→ About this task
Reproduce every line of the data, exactly and without its pictures.

→ Collected data
################
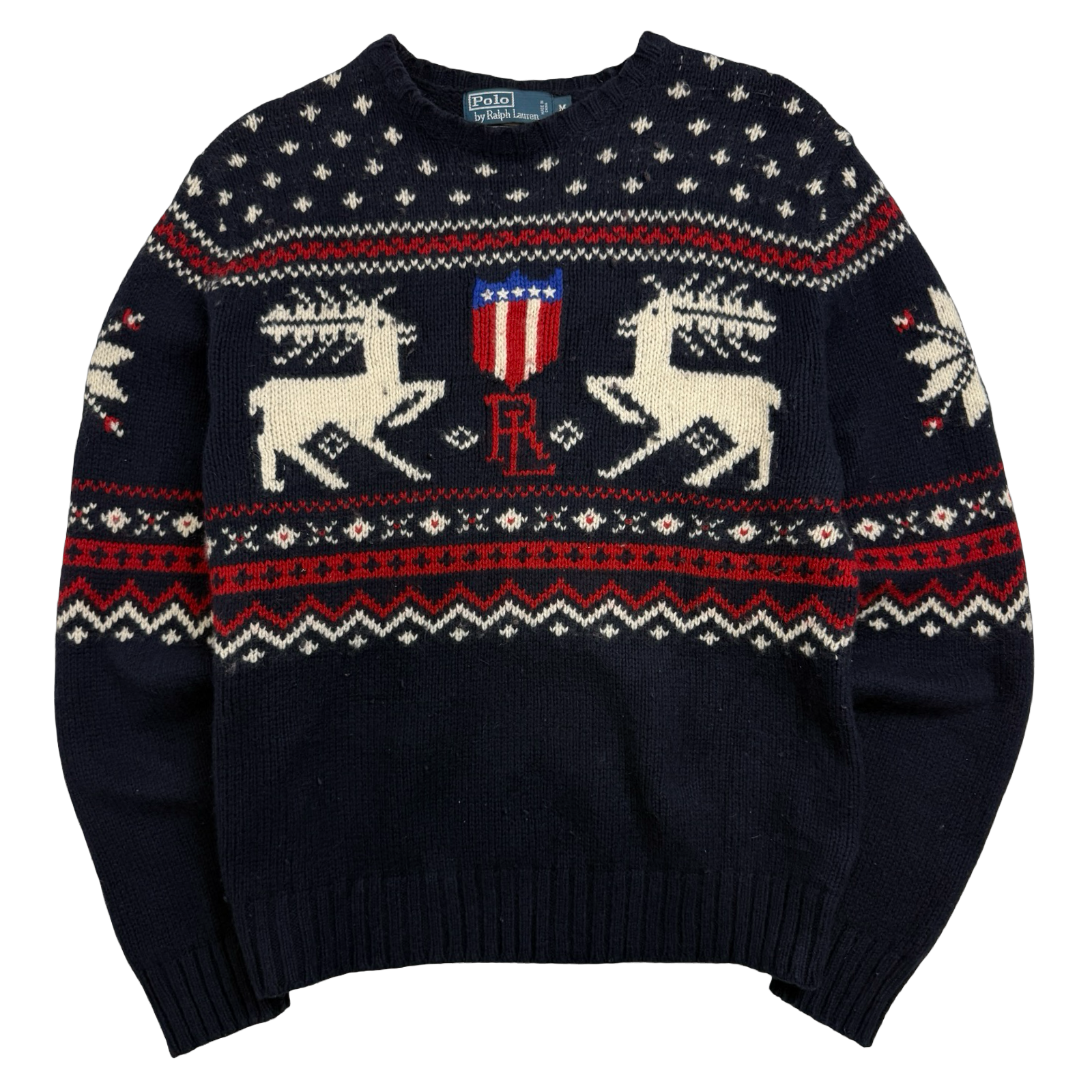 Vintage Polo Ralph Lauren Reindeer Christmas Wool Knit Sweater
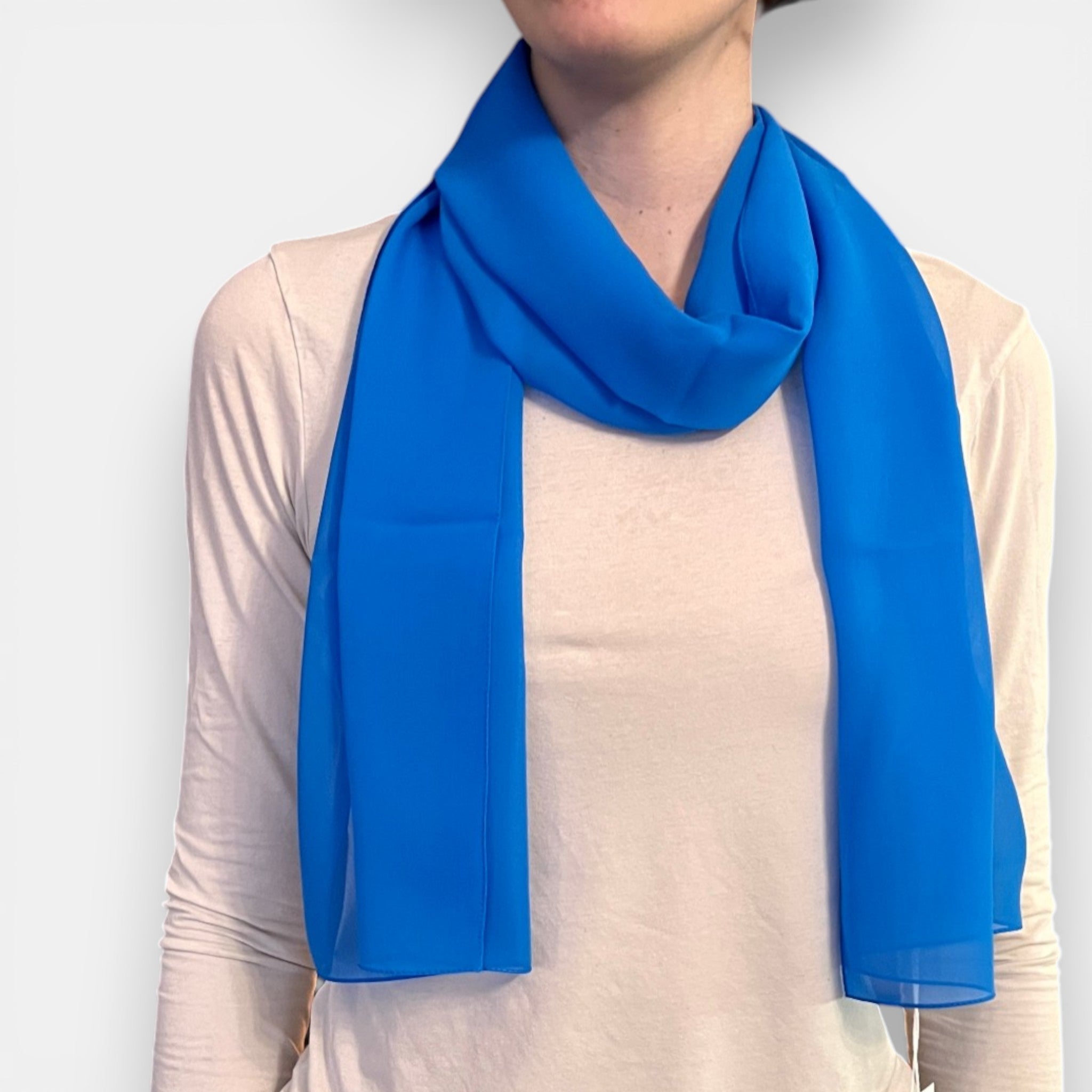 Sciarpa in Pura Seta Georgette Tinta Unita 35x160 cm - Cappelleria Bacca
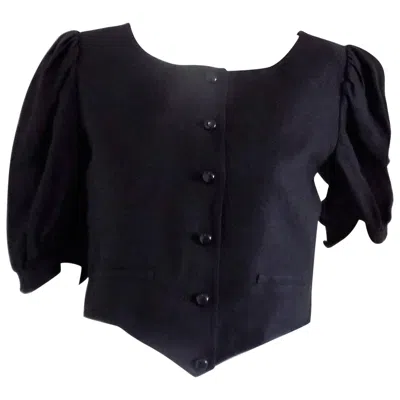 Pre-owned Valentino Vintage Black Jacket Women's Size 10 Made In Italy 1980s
################
→ Output of the exercise
 Vintage Polo Ralph Lauren Reindeer Christmas Wool Knit Sweater
 Sciarpa in Pura Seta Georgette Tinta Unita 35x160 cm - Cappelleria Bacca
 Pre-owned Valentino Vintage Black Jacket Women's Size 10 Made In Italy 1980s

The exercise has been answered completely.